Em 2022, ano da eleição, o Auxílio Emergencial dado no governo Bolsonaro chegou a R$ 600. No ano passado, o programa voltou a ter o nome de Bolsa Família, nesse mesmo patamar, mas o governo Lula deu um valor adicional para as famílias com gestantes, crianças e adolescentes, com pagamento extra de R$ 150 por cada criança da casa com até seis anos e de R$ 50 para os dependentes de sete a 18 anos incompletos. Gestantes também passaram a receber mais R$ 50.
Agricultura familiar
Mariana cita ainda o aumento do crédito rural em 43,3% para agricultura familiar, com juros mais baixos. O novo Plano Safra da Agricultura Familiar 2024/2025 trouxe mais incentivos para quem produz alimentos básicos. Quem produzir arroz, por exemplo, encontrará juros reduzidos para 3%:
— Essa agenda de produzir alimentos em maior quantidade e com mais qualidade está atrelada às mudanças climáticas e é muito importante.
Para Rodrigo Kiko Afonso, diretor-executivo da Ação da Cidadania, entidade fundada pelo sociólogo Herbert de Souza para atuar no combate à fome, os dados da ONU mostram que as políticas públicas importam no enfrentamento do problema.

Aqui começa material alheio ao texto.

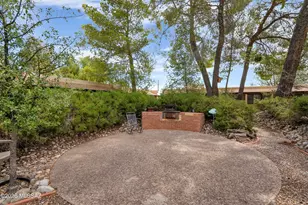 2860 N Beverly Ave, Tucson, AZ 85712 - Photo 23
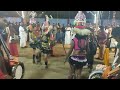 Mullupatti Melam Karakattam Pasuvanthanai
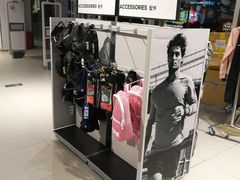 -阿迪达斯(八方汇精品优惠店)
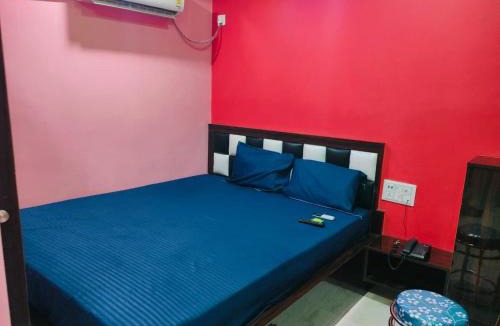Barasat House | Hotel Happy House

Na visão dele, a retomada do Bolsa Família, com a volta das regras de contrapartidas, como exigir vacinação e frequência escolar das crianças, fez a diferença para reduzir a fome no país em 2023. O avanço não bastou para tirar o país do Mapa da Fome, em parte, porque a retomada das políticas sociais leva tempo.
— Tenho plena certeza de vamos melhorar os níveis de 2014 (quando o Brasil saiu do Mapa da Fome). É o exemplo que o mundo precisa para concretizar na cabeça que é a política pública que resolve a questão da fome. A fome é uma decisão política — afirma Afonso.